| Is AE's encoder really that inefficient? |
The thing is, AVI doesn't mean much.
It's pretty much an empty container box, which doesn't imply a quality level.
So, AME could default to something completely different as a starting point to produce an AVI file.
AE defaults to uncompressed video when you pick AVI as a format. So, obviously this produces huge file sizes. There could be similar quality thresholds with smaller sizes if you pick other AVIcodecs, but that's a different subject. And in any case, when you're rendering a production quality master, file size is usually not your main concern. You typically use this high quality video file as a source for compressed flavors for distribution. So, pristine video files with huge sizes are a good thing - people then wonder why trailers at apple.com, for instance look so good. And the thing is, the most compressed formats benefit enormously from having an uncompressed file as a source.

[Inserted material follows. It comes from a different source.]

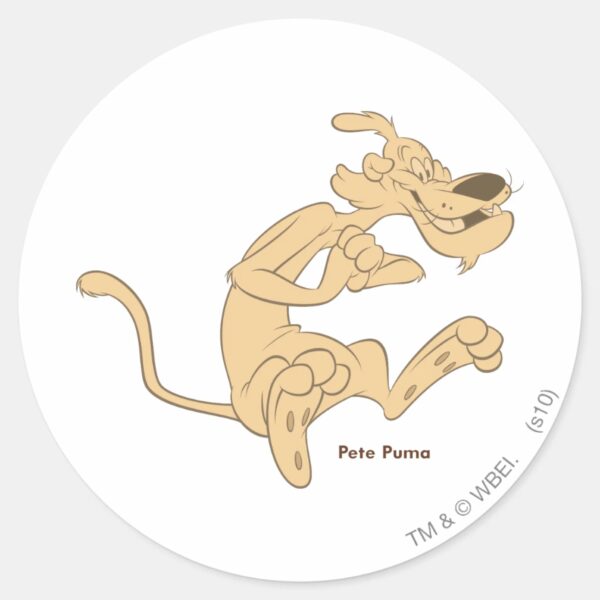 Pete_Puma_Excited_Classic_Round_Sticker_1 Pete Puma Excited Classic Round Sticker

Regarding encoding efficiency, yes, AE is less efficient than dedicated encoding solutions. Above all, because it doesn't support 2 pass encoding. Note that for some formats, 2 pass makes a night and day difference, while for others, nothing as drastic as most users seem to believe.
All of this is a moot point for AVI, because the default AVI codecs don't offer these encoding options, which are more the realm of distribution formats like FLV, MPEG-4/H264 or WMV.
There are distribution codecs which use AVI as a container out there, but those are a different case.